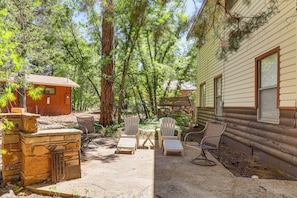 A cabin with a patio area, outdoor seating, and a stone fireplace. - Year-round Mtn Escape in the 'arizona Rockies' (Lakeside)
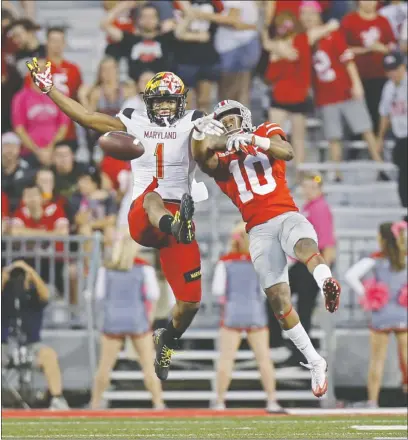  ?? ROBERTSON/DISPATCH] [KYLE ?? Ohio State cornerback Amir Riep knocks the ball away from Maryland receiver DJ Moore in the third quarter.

...

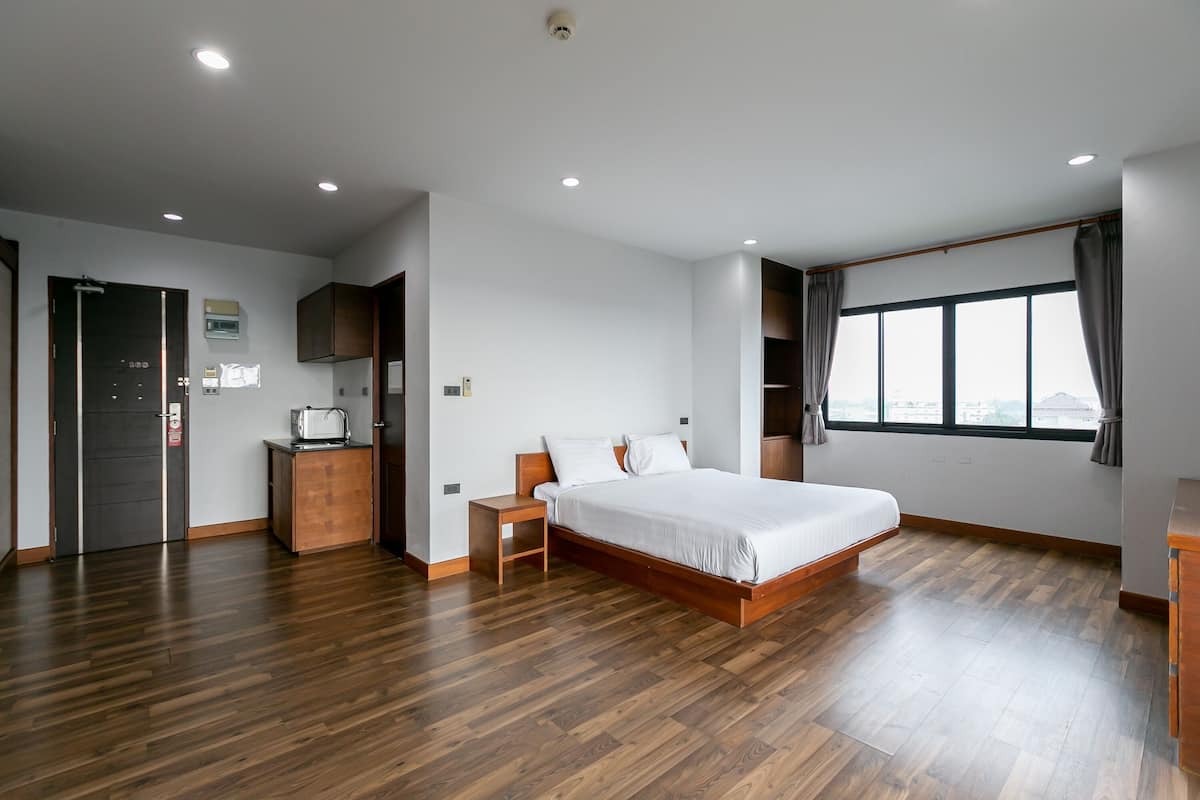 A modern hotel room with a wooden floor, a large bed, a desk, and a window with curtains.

==

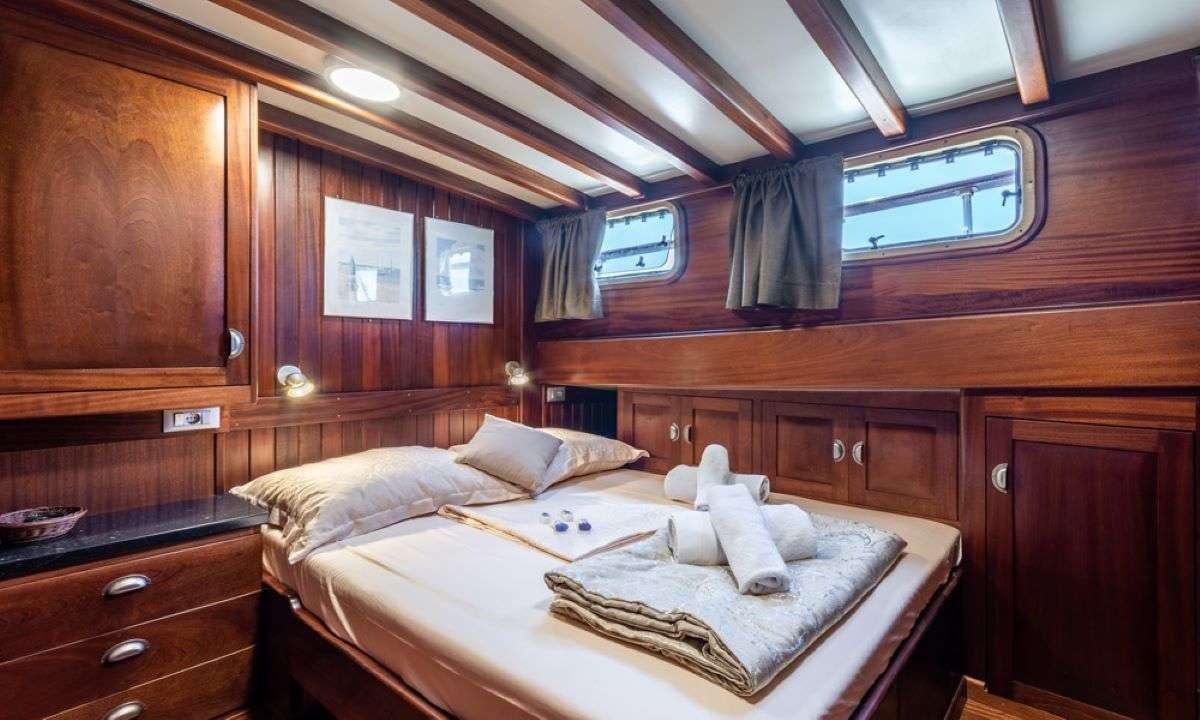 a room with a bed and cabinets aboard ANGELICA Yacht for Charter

* _Your assignment_:
From the material above, give again exactly the lines from the one that contains "A cabin with" through the one that contains "the third quarter.", and leave out the pictures.

* _Output of the exercise_:
 A cabin with a patio area, outdoor seating, and a stone fireplace. - Year-round Mtn Escape in the 'arizona Rockies' (Lakeside)
  ?? ROBERTSON/DISPATCH] [KYLE ?? Ohio State cornerback Amir Riep knocks the ball away from Maryland receiver DJ Moore in the third quarter.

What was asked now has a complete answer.